• [RECORDS FOR THIS TASK]
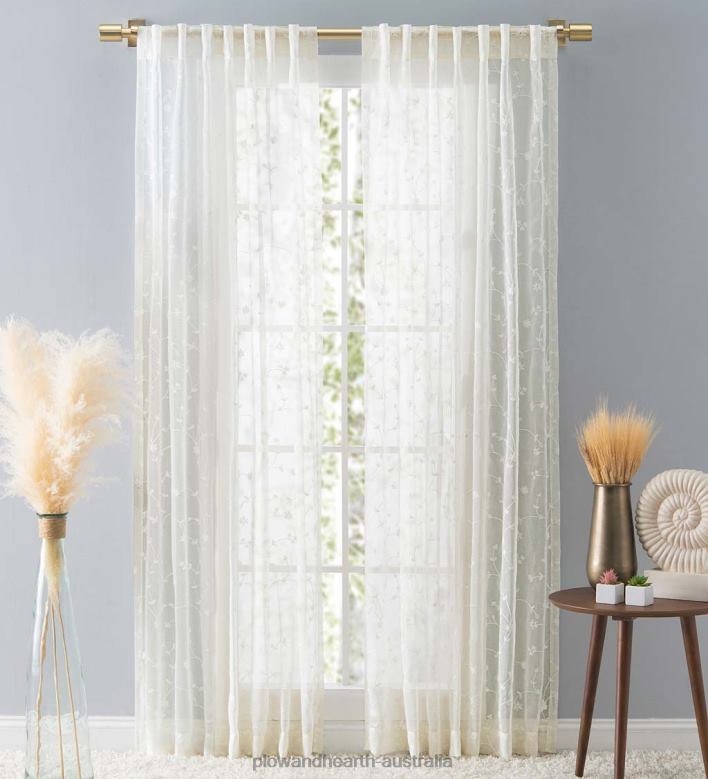 Plow & Hearth Sheer Blossom Curtains P22BD2604 Houseware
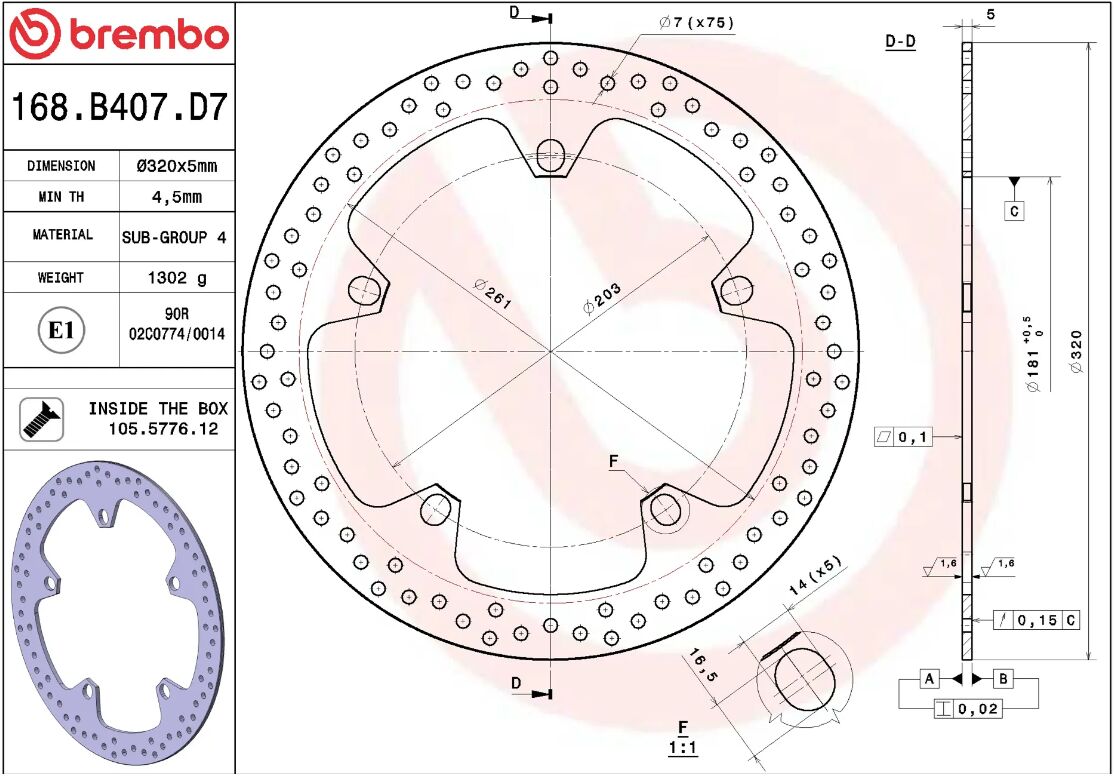 BREMBO BRAKE DISC FIX FR 168B407D7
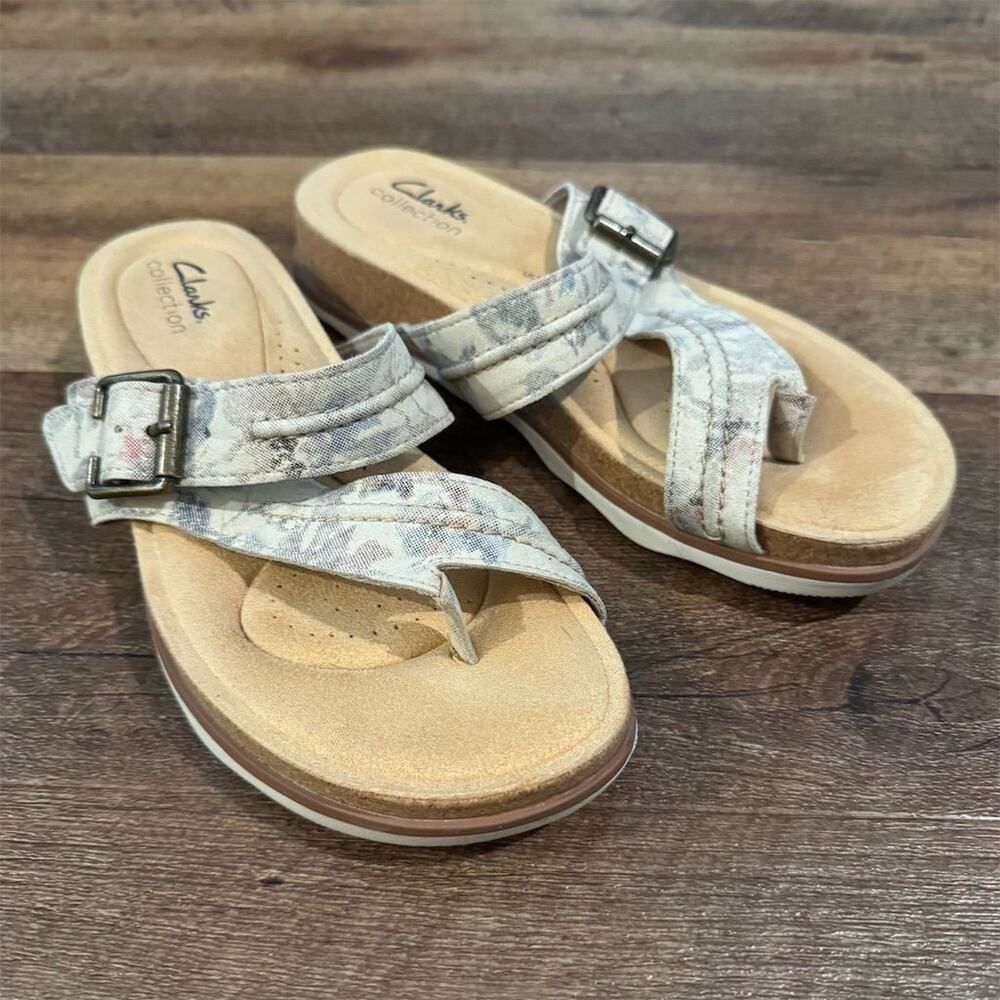 Clarks Brynn Madi Comfort Sandals Floral 7 Beach Resort Vacation Sporty Casual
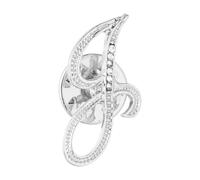 PATIKIL Rhinestone Letter Lapel Pins, Initial Alphabet Collar Pins Letter Brooch Pins for Women Men Shirt Dress Suits Coat Collar, Silver Tone, Letter J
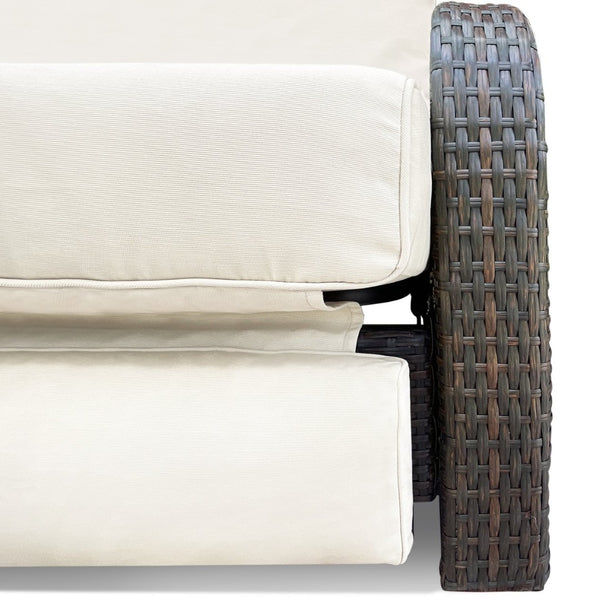 English Elm Outdoor Wicker Reclining Lounge Chair with Auto Footrest and Thick Cushion Patio W1889109401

• [WHAT YOU WILL DO]
Nothing but the lines from the line with "Clarks Brynn Madi" through the last line of the data above should be printed, exactly as written and without pictures.

• [SOLUTION]
 Clarks Brynn Madi Comfort Sandals Floral 7 Beach Resort Vacation Sporty Casual
 PATIKIL Rhinestone Letter Lapel Pins, Initial Alphabet Collar Pins Letter Brooch Pins for Women Men Shirt Dress Suits Coat Collar, Silver Tone, Letter J
 English Elm Outdoor Wicker Reclining Lounge Chair with Auto Footrest and Thick Cushion Patio W1889109401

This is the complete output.